● **Aim of the task**
Please keep the images out and set down the data exactly as given.

Start of Data shown

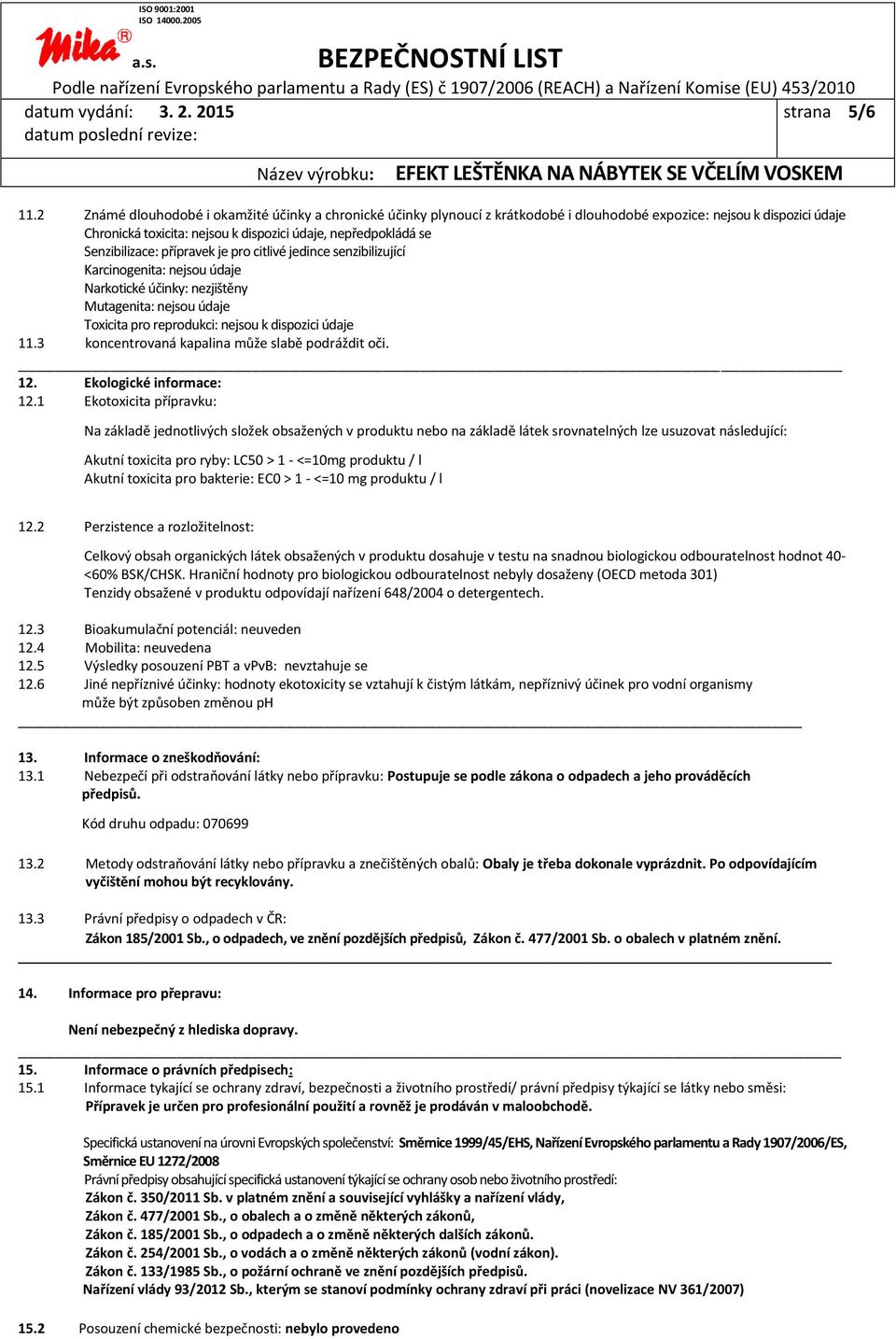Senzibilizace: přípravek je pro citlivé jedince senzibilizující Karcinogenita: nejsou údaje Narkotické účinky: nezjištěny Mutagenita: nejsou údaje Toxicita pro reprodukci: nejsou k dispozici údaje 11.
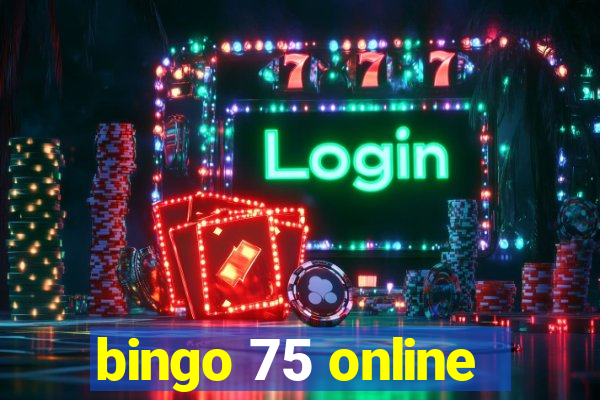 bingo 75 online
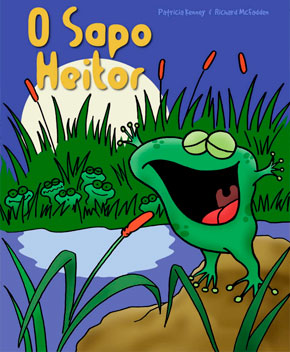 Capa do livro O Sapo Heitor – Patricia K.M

End of Data shown

● **Expected answer**
Senzibilizace: přípravek je pro citlivé jedince senzibilizující Karcinogenita: nejsou údaje Narkotické účinky: nezjištěny Mutagenita: nejsou údaje Toxicita pro reprodukci: nejsou k dispozici údaje 11.
 bingo 75 online
 Capa do livro O Sapo Heitor – Patricia K.M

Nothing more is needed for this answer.